Toghe rosse ko alle primarie del Csm

"Md" perde quattro punti e rischia di passare da tre a due consiglieri. Avanzano i grillini, spunta Rodotà come vicepresidente

Toghe rosse ko alle primarie del Csm

Sarà anche colpa, come scrivono i leader di Magistratura democratica nel loro primo commento non tanto autocritico, di «una fase politica che sembra premiare scelte corporative e ottiche di breve periodo». Sta di fatto che dalle primarie con cui i magistrati hanno scelto i loro candidati per il prossimo Csm, la corrente storica delle toghe di sinistra è uscita malconcia. Nonostante la grande visibilità che la presenza in posti chiave dà ai suoi leader, Md ha perso quattro punti percentuali, ha visto trombare il suo esponente di punta e rischia di ridurre da tre a due i suoi posti dentro il prossimo Consiglio superiore della magistratura.

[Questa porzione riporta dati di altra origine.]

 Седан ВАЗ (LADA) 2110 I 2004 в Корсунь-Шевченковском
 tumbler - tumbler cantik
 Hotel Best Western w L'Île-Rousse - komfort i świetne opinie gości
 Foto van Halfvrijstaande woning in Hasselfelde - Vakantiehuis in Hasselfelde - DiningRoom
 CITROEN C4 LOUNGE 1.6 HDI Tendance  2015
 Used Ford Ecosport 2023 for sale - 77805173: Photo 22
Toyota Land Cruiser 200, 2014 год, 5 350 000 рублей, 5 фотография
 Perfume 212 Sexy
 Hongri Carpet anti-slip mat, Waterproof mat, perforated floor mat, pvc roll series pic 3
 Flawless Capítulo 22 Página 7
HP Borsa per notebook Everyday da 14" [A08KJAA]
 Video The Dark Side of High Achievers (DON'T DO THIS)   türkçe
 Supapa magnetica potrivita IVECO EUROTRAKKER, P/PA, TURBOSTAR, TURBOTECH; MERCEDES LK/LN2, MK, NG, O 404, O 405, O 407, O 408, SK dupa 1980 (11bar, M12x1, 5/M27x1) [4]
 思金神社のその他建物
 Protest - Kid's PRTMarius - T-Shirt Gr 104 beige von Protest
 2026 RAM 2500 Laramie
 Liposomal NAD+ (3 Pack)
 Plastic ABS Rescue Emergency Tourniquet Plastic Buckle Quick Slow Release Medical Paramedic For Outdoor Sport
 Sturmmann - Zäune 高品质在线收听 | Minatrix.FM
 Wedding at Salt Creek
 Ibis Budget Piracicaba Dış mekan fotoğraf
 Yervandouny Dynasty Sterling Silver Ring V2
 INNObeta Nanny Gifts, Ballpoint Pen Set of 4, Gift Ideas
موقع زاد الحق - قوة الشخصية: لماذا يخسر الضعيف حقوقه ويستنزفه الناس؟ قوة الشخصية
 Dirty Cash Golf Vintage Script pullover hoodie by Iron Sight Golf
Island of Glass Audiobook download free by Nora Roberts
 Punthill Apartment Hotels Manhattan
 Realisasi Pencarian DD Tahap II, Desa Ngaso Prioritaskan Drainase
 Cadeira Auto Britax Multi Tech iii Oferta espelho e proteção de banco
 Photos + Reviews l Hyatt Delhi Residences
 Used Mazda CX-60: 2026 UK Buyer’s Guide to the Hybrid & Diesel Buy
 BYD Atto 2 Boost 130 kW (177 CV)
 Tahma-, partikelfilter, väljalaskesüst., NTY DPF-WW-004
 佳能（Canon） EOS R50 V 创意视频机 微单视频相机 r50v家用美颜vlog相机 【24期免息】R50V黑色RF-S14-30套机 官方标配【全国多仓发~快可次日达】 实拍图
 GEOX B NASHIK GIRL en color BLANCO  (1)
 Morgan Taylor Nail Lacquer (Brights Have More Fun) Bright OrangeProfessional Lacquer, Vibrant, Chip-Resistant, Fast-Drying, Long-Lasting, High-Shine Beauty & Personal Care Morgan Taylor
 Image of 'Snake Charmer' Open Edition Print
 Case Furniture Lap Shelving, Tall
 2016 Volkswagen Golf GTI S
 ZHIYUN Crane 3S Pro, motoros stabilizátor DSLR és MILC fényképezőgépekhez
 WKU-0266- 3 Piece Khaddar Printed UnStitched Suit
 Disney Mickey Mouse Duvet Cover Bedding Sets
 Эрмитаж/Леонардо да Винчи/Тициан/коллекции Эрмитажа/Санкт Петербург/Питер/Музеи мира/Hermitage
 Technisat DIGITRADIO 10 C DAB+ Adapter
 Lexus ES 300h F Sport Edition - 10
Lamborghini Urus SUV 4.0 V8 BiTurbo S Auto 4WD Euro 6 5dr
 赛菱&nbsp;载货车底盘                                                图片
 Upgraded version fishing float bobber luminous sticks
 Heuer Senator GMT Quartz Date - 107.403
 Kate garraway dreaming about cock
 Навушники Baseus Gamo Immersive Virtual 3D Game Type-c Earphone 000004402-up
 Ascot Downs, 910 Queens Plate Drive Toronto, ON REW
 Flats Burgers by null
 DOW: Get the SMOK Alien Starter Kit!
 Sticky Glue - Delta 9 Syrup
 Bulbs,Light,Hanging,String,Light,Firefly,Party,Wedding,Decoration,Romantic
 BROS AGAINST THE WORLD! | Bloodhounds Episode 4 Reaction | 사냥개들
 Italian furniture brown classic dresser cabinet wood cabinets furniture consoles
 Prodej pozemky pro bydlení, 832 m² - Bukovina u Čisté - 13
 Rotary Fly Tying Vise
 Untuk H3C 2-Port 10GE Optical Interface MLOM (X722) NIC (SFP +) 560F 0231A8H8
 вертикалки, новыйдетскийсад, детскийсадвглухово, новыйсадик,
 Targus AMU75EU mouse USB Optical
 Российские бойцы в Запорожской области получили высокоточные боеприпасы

Dinamiche che sembrano riguardare solo gli addetti ai lavori, e che invece mandano più di un segnale sull'umore della «toga» media, e sul ruolo che i giudici si preparano a svolgere nel prossimo futuro: sapendo che insieme al declino di Md si staglia una novità potenzialmente dirompente: lo sbarco dentro il Csm dei grillini, che - secondo un'ipotesi che circola con insistenza - punterebbero a conquistare la vicepresidenza dell'organismo di autogoverno dei giudici con Stefano Rodotà, già candidato dei 5 Stelle alla presidenza della Repubblica.

Le «primarie» dei giudici si sono tenute alla fine di marzo: una novità voluta da tutte le correnti per ripristinare un po' di democrazia interna, visto che l'attuale sistema elettorale per il Csm produceva di fatto liste bloccate, dieci candidati per dieci posti. Ma con le primarie sono arrivati i dolori per Md: che alle elezioni si presenta nel raggruppamento di «Area», insieme ai colleghi dei Movimenti riuniti, ma da sempre - e legittimamente - punta a portare avanti i propri militanti. Invece se l'esito delle primarie verrà rispettato, per la Cassazione il candidato di «Area» sarà il movimentista Ercole Aprile, che ha sconfitto Giovanni Diotallevi di Md; tra i pubblici ministeri, Antonio Ardituro e Fabio Napoleone, entrambi dei «Movimenti» hanno sconfitto a sorpresa Giuseppe Cascini, segretario dell'Associazione nazionale magistrati. A questo punto, gli unici esponenti di Md nel prossimo consiglio saranno il palermitano Piergiorgio Morosini, gip del processo Stato-mafia, e un moderato come Lucio Aschettino. Fine. Mentre invece si consolidano i «centristi» di Unicost e avanzano i conservatori di Magistratura Indipendente, su cui convergono i voti delle toghe vicine a Comunione e liberazione: il giudice più votato d'Italia è il milanese Claudio Galoppi, ciellino doc.

Ma la vera svolta rischia di arrivare soprattutto dall'irruzione del ciclone Grillo nella vita interna della giustizia italiana. Anche tra i giudici, il mito a 5 stelle della democrazia diretta ha i suoi fan: come Milena Balsamo, magistrato a Prato e leader della cosiddetta «Proposta B», che in vista delle elezioni ha scelto i candidati per sorteggio tra tutte le toghe italiane, in segno di rivolta contro «un sistema di potere bloccato e antidemocratico». E, quel che più conta, adesso il 5 Stelle è in Parlamento, dove voterà per eleggere gli otto componenti «laici», ovvero politici, del Csm, tra i quali viene poi scelto il vicepresidente dell'organismo.

Ovviamente, i grillini vorranno piazzare anche alcuni dei loro.

E voci insistenti dicono che il primo nome che faranno è quello di Stefano Rodotà, giurista, ex garante della privacy ed ex parlamentare Pds, con l'obiettivo di portarlo alla vicepresidenza. A meno che non venga impallinato dai franchi tiratori, come quando Grillo lo candidò al Quirinale.